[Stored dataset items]
--------
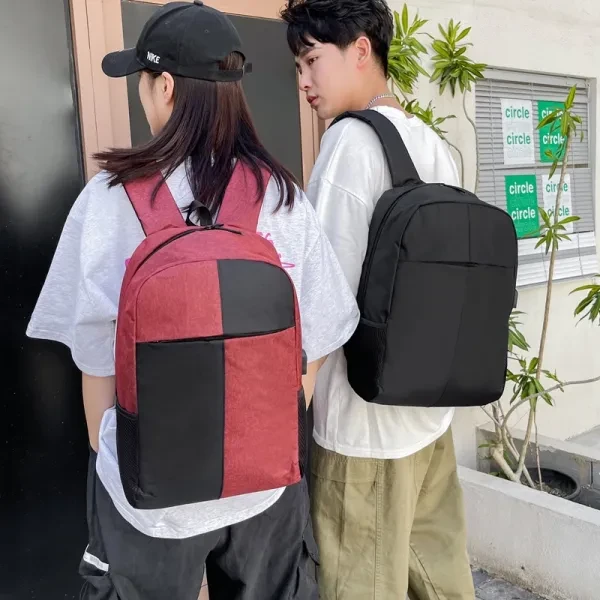 Men Traveler Backpack USB Charging Double Handle Zipper Closure Laptop School Ou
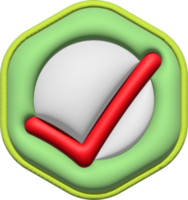 3D illustration Like or correct symbol,Confirmed or approved button png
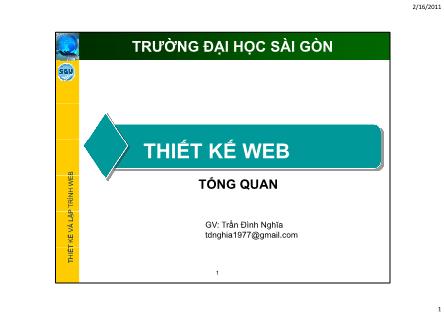 Bài giảng Thiết kế Web - Chương 1: Tổng quan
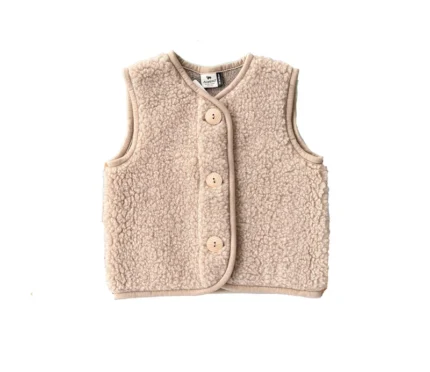 Gilet POE in lana merino bambini BISCOTTO (SU ORDINAZIONE)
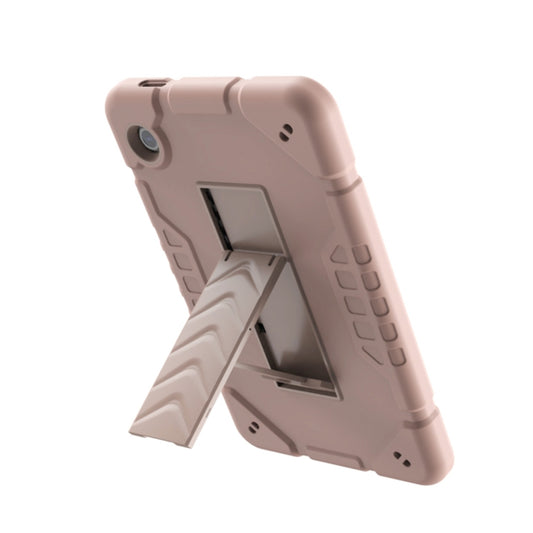 For Samsung Galaxy Tab A11 / A9 Armor Holder Silicone Hybrid PC Tablet Case(Rose Gold) by bashfashion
--------
● **What you have to do**: Leave out the pictures and set down all of the data exactly.

● **Reply to the task**:
 Men Traveler Backpack USB Charging Double Handle Zipper Closure Laptop School Ou
 3D illustration Like or correct symbol,Confirmed or approved button png
 Bài giảng Thiết kế Web - Chương 1: Tổng quan
 Gilet POE in lana merino bambini BISCOTTO (SU ORDINAZIONE)
 For Samsung Galaxy Tab A11 / A9 Armor Holder Silicone Hybrid PC Tablet Case(Rose Gold) by bashfashion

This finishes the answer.